L’editore per cui il mio nuovo amico lavora ha un contratto con un distributore che gestisce in esclusiva i rapporti con un grandissimo sito di commercio elettronico internazionale, il più grande di tutti. Non dice mai i nomi delle aziende coinvolte e non lo farò neanche io.
Mi dice che questo sito di e-commerce si comporta apparentemente come un qualsiasi libreria, ha un contratto con il distributore, uno sconto pattuito con l’editore, la possibilità di resa. Una libreria come tutte le altre: ordina i libri, li riceve, paga l’anticipo e poi li vende; dopo un po’ può rendere i libri e salda o riscuote. Mi dice: «Esattamente come una libreria o una catena di librerie: solo che è una catena di librerie fatta da una sola libreria e quella libreria ha in mano il 60% del nostro mercato nazionale.»
Strabuzzo gli occhi incredulo. Cerco di non sembrare offensivo, quando gli chiedo conferma della percentuale abnorme e lui, senza scomporsi, rilancia: «Un po’ di più.»
Semplificando un po’, Il distributore paga le copie che il promotore, in accordo con la rete di vendita, ha stimato. Di solito le librerie più grosse lavorano con una stima di vendita (la chiama “conto estimatorio”) concordata con il promotore sul lancio di ciascun titolo e poi, mese dopo mese, pagano quello che hanno venduto. Ecco, il distributore manda in giro un certo numero di copie, avendo una anticipo sulla stima di vendita.

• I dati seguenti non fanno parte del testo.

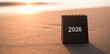 © maybeiii - Close up 2026 desk calendar on the beach in the sunset time. Resolution, Goal, Action, Planning, and manage to success business.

Il grande sito di commercio elettronico è il cliente più grande di tutti e, per questo motivo, ha un contratto con uno sconto maggiore. Paga al distributore tutte le copie che ordina – come fa la più grande catena di librerie in Italia, ma si sa che smetterà nei prossimi mesi – e incrementa gli ordini, mese dopo mese – e i suoi ordini sono molto più grandi di quelli della più grande catena di librerie italiana. Fa pochissime rese, pur avendone il diritto, perché dice che l’algoritmo garantisce che quelle copie saranno vendute. Ha una rete logistica mondiale di dimensioni impressionanti e i suoi magazzini sono giganteschi, più grandi del più grande centro commerciale che ognuno di noi abbia mai visto: ha tutto lo spazio per accumulare materiale invenduto. Che un giorno, volendo, potrà rendere.

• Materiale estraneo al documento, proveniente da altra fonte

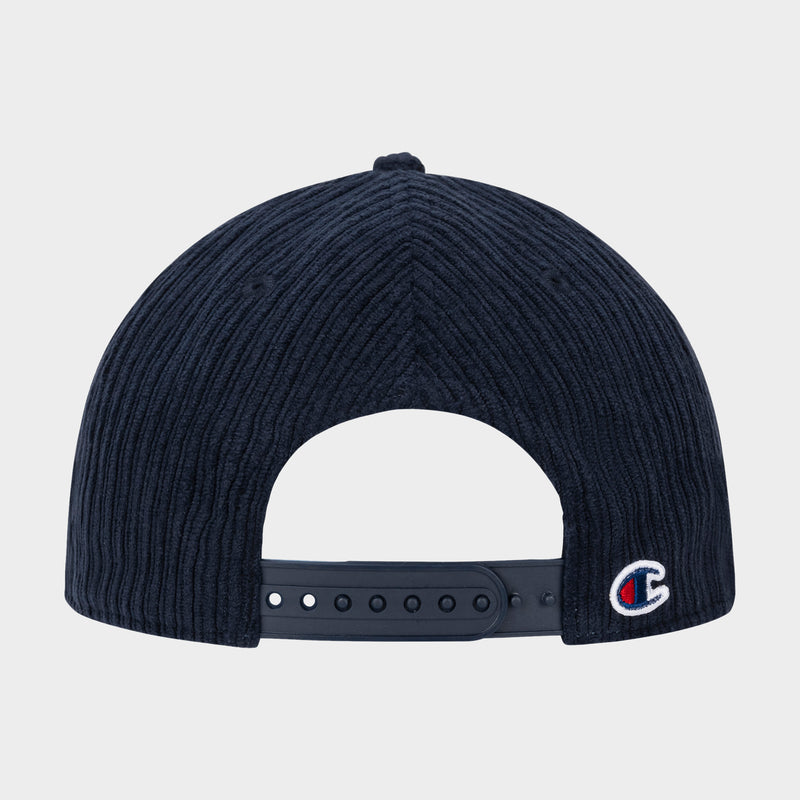 The back of the Stephen Adjustable Cap by Champion, crafted in dark blue corduroy, features an adjustable strap and a small C logo on the lower right side, showcasing the signature style of a Champion cap.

Aggiunge un’informazione che sembra accessoria e mi dice di tenerla bene a mente, perché potrà essere utile. Mi parla della legge Malfatti (di cui non trovo alcun riferimento in rete). Mi spiega che il magazzino di un editore perde valore ogni anno fino ad azzerarsi in cinque anni, con le normali regole di ammortamento, perché altrimenti si dovrebbero pagare sui vecchi prodotti le stesse tasse previste per i nuovi. Un editore che conserva tutto il suo catalogo, riempie i suoi costosissimi magazzini di oggetti che hanno un grande valore culturale e, forse emotivo, ma che non valgono nulla ai fini del calcolo dell’imponibile (e del valore dell’azienda). Così si spiega il fatto che i libri vanno al macero o, nel caso migliore, nella rete dei remainders. Perché quei libri invenduti non possono essere considerati come beni di riserva che accrescono il valore dell’azienda. Anzi…

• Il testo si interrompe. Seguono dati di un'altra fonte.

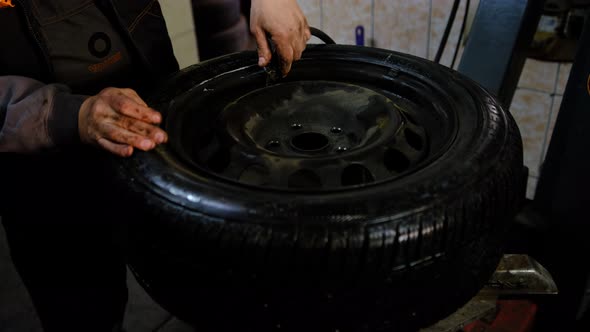 Repair service for wheel tire of car. Pump it after finish with repair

A questo punto mi guarda e dice: «Immagini se un giorno, non troppo lontano, quel grande sito di commercio elettronico, che in questo momento ordina il 60% dei nostri libri, ci imponesse unilateralmente uno sconto per noi insostenibile. E, di fronte al nostro pallido tentativo di rifiuto, ci presentasse davanti alla porta i nostri libri invenduti chiedendoci il denaro che ci ha anticipato. Avremmo solo due possibilità. Rifiutare, conteggiare il valore del nostro debito e riprenderci dei libri che non valgono più niente e hanno un enorme costo di magazzino. Accettare e perdere punti di redditività fino a dover cambiare modello di produzione. A quel punto, potremmo diventare, come si dice oggi, un content provider per un grande sito di e-commerce che, nel frattempo ha imparato a costruire il prodotto finito on demand. La fine della distribuzione, dei grandi editori e delle librerie tradizionali. Stiamo infilando il futuro dell’editoria nelle fauci del lupo. È spaventoso.»

Mi dice che si è fatto tardi, mi saluta quasi bruscamente, si alza e se ne va. Mi lascia da solo, all’incrocio. Non ci siamo neanche presentati.